■ Work item
Give all of the data again exactly as written, omitting every image.

■ Data block
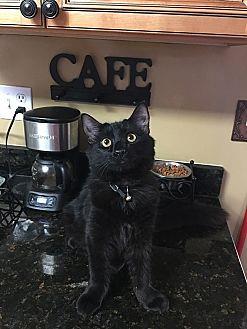 Sophie (20153226)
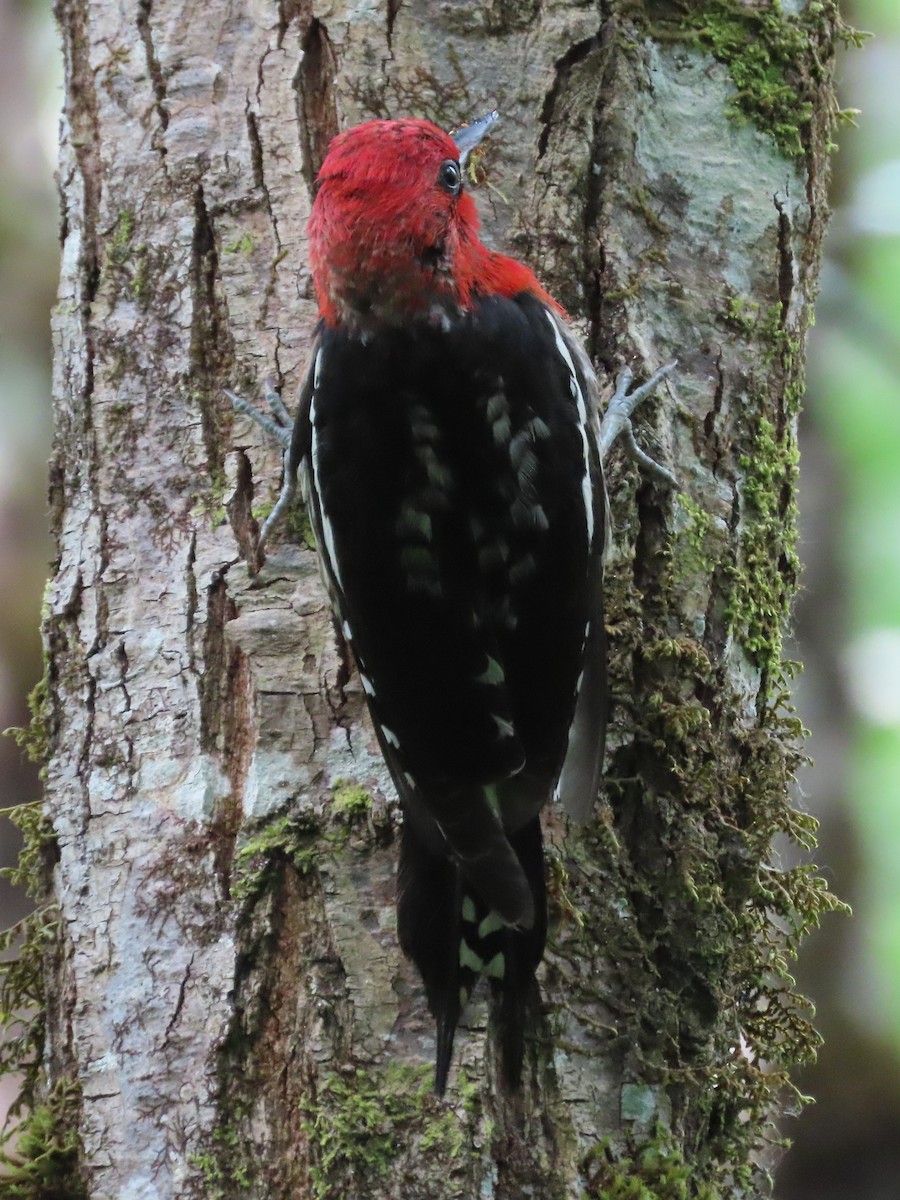 Red-breasted Sapsucker - ML619933072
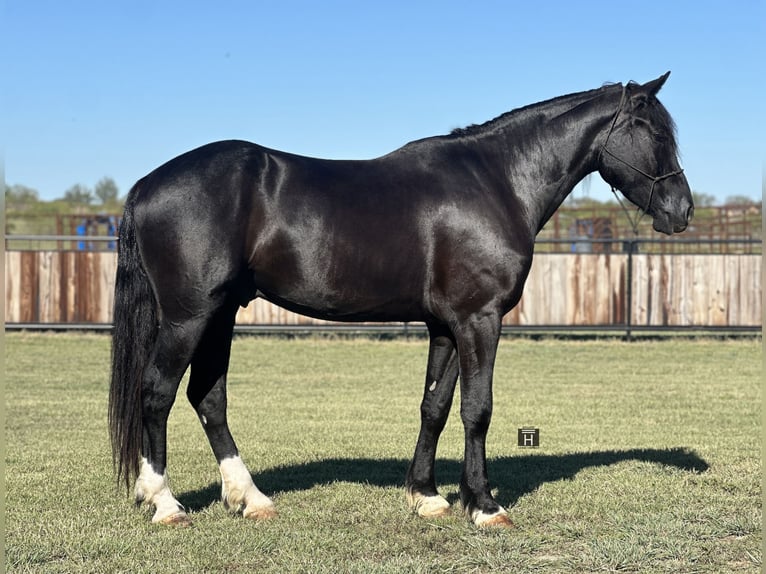 caballo de tiro Mestizo Caballo castrado 3 años 165 cm Negro in Jacksboro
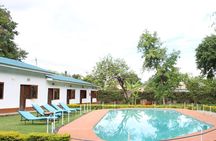 2 Days Private Budget Safari to Tarangire NP & Ngorongoro Crater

■ Result for this task
 Sophie (20153226)
 Red-breasted Sapsucker - ML619933072
 caballo de tiro Mestizo Caballo castrado 3 años 165 cm Negro in Jacksboro
 2 Days Private Budget Safari to Tarangire NP & Ngorongoro Crater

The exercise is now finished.